Costa Rica, San Miguel de Sarapiqui : The buildings of the Cariblanco Hydroelectrical Project are seen covered by mud on January 11, 2009, near San Miguel de Sarapiqui, 45 kilometers north of San Jose after last Thursday' s earthquake. The death toll from Costa Rica's strongest earthquake in decades rose to 19 Saturday, with scores missing and injured, while some 150 stranded tourists were finally rescued, officials said.

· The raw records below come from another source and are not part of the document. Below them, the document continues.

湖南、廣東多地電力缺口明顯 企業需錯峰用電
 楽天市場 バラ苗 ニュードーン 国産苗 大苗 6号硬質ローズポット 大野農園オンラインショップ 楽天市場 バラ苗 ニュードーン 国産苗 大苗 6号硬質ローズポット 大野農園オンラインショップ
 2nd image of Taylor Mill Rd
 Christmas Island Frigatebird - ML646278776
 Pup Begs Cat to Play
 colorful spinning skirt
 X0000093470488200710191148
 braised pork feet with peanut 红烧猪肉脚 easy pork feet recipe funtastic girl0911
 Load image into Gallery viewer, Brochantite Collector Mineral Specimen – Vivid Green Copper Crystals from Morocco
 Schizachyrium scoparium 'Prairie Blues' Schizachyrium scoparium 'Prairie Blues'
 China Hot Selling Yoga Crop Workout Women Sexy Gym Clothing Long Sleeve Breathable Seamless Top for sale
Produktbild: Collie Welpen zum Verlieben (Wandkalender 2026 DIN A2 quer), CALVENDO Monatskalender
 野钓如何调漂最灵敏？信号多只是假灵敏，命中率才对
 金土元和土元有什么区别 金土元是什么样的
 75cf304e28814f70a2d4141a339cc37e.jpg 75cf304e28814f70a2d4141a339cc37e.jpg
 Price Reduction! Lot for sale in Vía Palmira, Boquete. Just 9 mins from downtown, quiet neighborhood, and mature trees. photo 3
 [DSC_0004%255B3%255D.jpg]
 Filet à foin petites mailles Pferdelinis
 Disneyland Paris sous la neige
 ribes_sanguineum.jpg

AFP Photo by Mayela Lopez
by Staff Writers
San Jose (AFP) Jan 10, 2009
The death toll from Costa Rica's strongest earthquake in decades rose to 18 Saturday, with scores missing and injured, while some 150 stranded tourists were finally rescued, officials said.

"There are 18 dead and 56 missing," Red Cross spokeswoman Lilia Marin told AFP, adding that 91 people were injured in the temblor and 1,378 were being housed in emergency shelters.

Officials had warned the death toll from Thursday's 6.1-magnitude quake was likely to rise when rescue workers reach isolated villages and cars buried by mudslides.

Some 150 stranded tourists, most from the United States, France, Canada and Spain, were finally rescued Friday and Saturday when helicopters accessed remote areas.

Rescuers also reached tourists stranded on mountain passes near the Poas volcano, the epicenter of Thursday's 6.1-magnitude temblor some 30 kilometers (20 miles) northwest of the capital San Jose.

At nightfall around 100 tourists were still stranded in the region around San Jose, including around 50 in the area of Cinchona, one of the worst hit by the temblor and accessible only by helicopter, according to the Red Cross.

Helicopters also evacuated a group of tourists trapped on a parking lot at a hotel near the La Paz waterfalls, a top tourist attraction.

Rescue teams struggled in rain and mist to reach hundreds of people stranded in mountainous central zones, as cracked roads, fallen trees and earth impeded their efforts in the farming region.

Collapsed houses lined the road leading to the epicenter of the quake near the Poas volcano, one of the country's most popular tourist sites.

People were still trapped, some of them apparently dead, inside vehicles buried under quake-triggered landslides, an AFP photographer said.

The National Emergency Board (CNE) declared a red alert in the metropolitan area of the central valley where 2.5 million of the country's four million people live that includes San Jose, Cartago, Alajuela and Heredia.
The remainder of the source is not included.